Direct Mail: Chumpion to Champion
Test How Key Savings Messages Are Positioned
Product managers hate hearing that savings drive higher response and conversion than features and benefits. It's important to test how your savings message is positioned.
As described above, the plastic card or heavy insert can be used to bring attention to your savings message. It's also important to test how your savings are described. Many people struggle to calculate percentages (hence the ubiquity of tip calculators) but would instantly know that 50 percent is a great deal. GEICO has long been successful with their "15% in 15 minutes" message. Don't hesitate to test percentage against dollar value. For example, "save 15%" vs. "save $435."
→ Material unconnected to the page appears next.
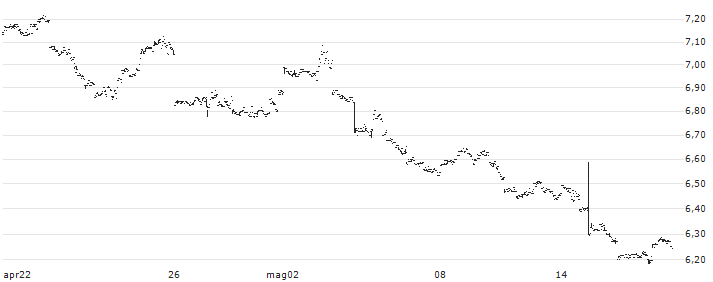 Amundi S&P 500 Daily (-2x) Inverse UCITS ETF Acc - USD(DSP5) : Grafico di Prezzo (5 giorni)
Implement a Battery of Tests for Your Letter
"Common Core" testing is controversial in many school districts, but should undoubtedly be used for the core elements in your direct mail letter. Test the length of the letter. Test copy in paragraphs vs. bullet points. Test your side bar on the right vs. the left side of the page. Test the location of your CTA and how it is called out.
Perhaps most important when considering how you will test the impact of design elements is to build a testing strategy that combats package fatigue by rotating your creative in an established cadence. For example, in month one, test a premium package with a plastic card against an economy package that does not have a card. In month two, test a premium package with an interactive opening device against a different sized economy package. Continue rotating the creative as a key element in your test strategy to change the "touch" your prospects receive. This gives you the potential to learn what works for each segment, season, and salutation.
By following these best practices, you can exercise your artistic and scientific sides at the same time, enhance the effectiveness of your direct mail efforts and increase ROI.